Segundo a decisão da juíza eleitoral Isabella Pires de Almeida, Lucas forneceu documentos falsos de contas de energia para que eleitores transfirasem seus domicílios eleitorais para Olindina. Durante a investigação, a concessionária de energia confirmou que os documentos eram “falsificações grosseiras”, evidenciando códigos inexistentes no sistema.

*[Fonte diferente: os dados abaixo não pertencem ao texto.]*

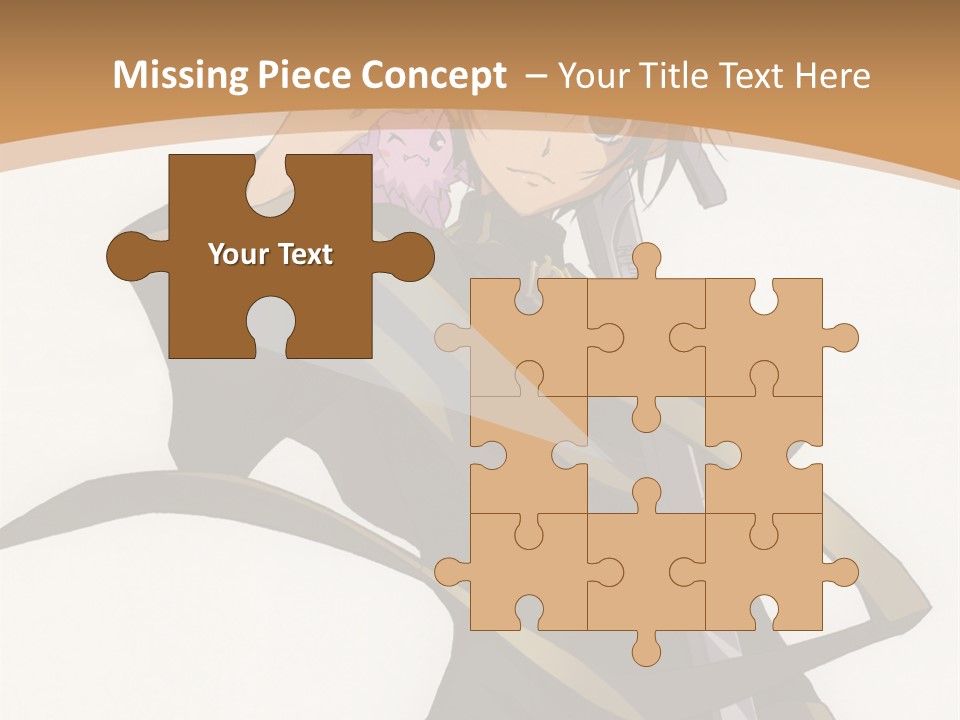 A Woman In A Black Dress Is Holding A Sword PowerPoint Template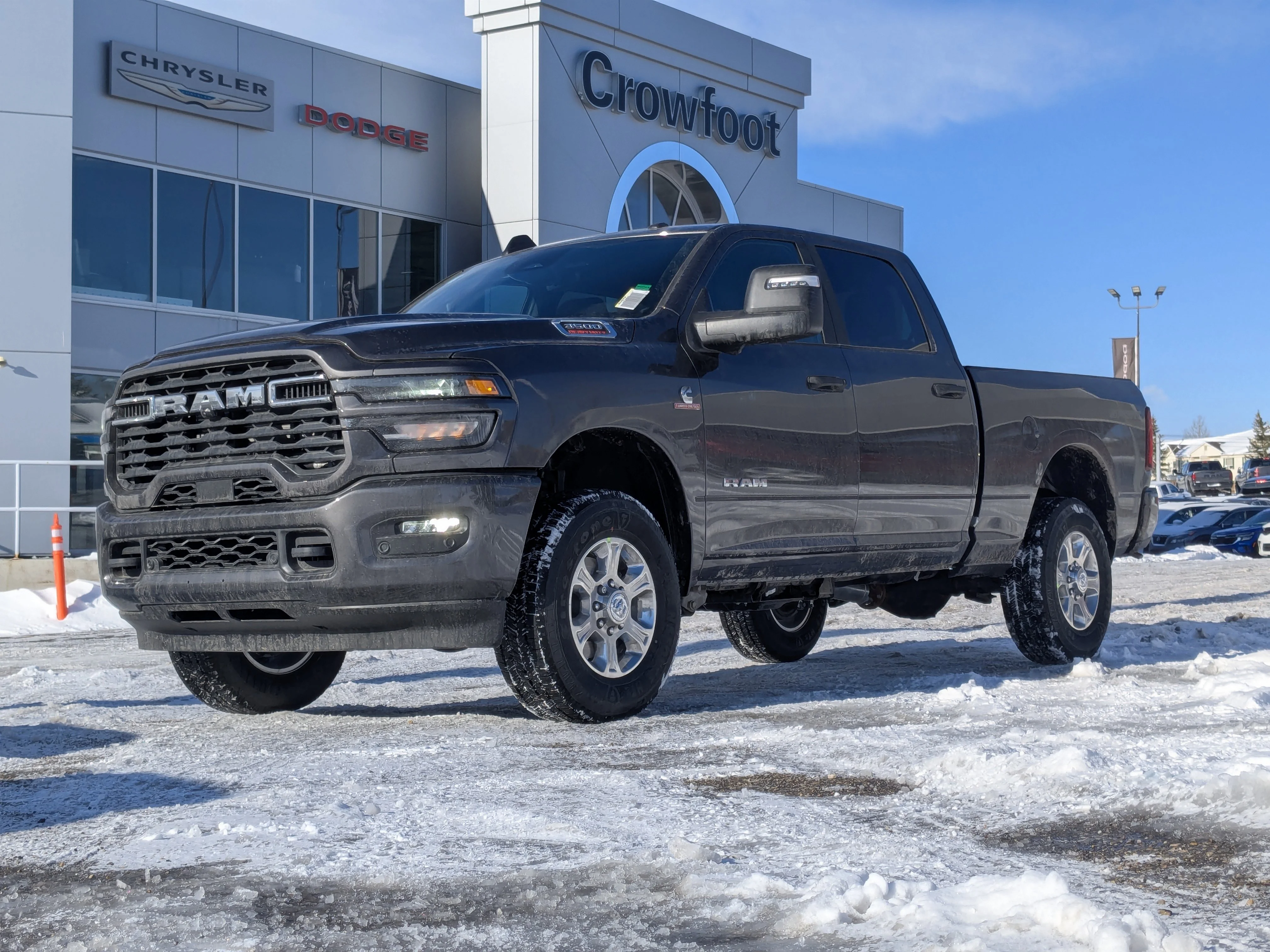 New 2026 Grey RAM Big Horn - - 6.7L Cummins HO Diesel - Big Horn Level 2 Plus Grp - Sport Appearance Pkg - 5th Wheel/G image 1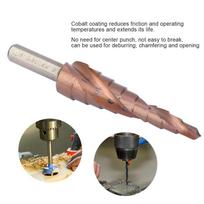High Speed Steel M35 Hole Opening Tool Cobalt Coating Hole Reamer Pagoda Step Drill Bit  Large Bit 4-12B(9steps)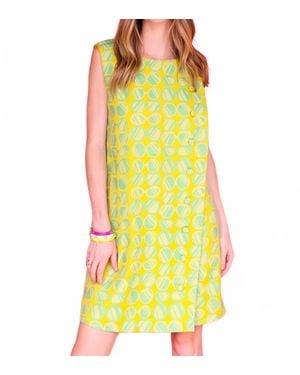 Emily Mccarthy Tory Tunic Spectacle Dress - Yellow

Como a fraude foi revelada
A irregularidade foi descoberta quando testemunhas informaram que Lucas era o único responsável pelas faturas e que atuava nas proximidades do cartório eleitoral, organizando filas e conduzindo eleitores, o que constitui captação ilícita de votos.
Pena e medidas impostas
A juíza estabeleceu uma sentença de 1 ano, 10 meses e 15 dias de reclusão. Contudo, a Justiça Eleitoral, por tratar-se de crime sem violência e com pena inferior a quatro anos, substituiu a prisão por duas penas restritivas de direitos: a prestação de serviços à comunidade e o pagamento de 3 salários-mínimos a entidades sociais.
Mandato permanece intacto
Apesar do pedido do Ministério Público pela cassação de seu mandato, a Justiça decidiu que Lucas, mesmo tendo sido eleito após os crimes, ainda era um pré-candidato quando as fraudes ocorreram, mantendo assim sua posição no cargo.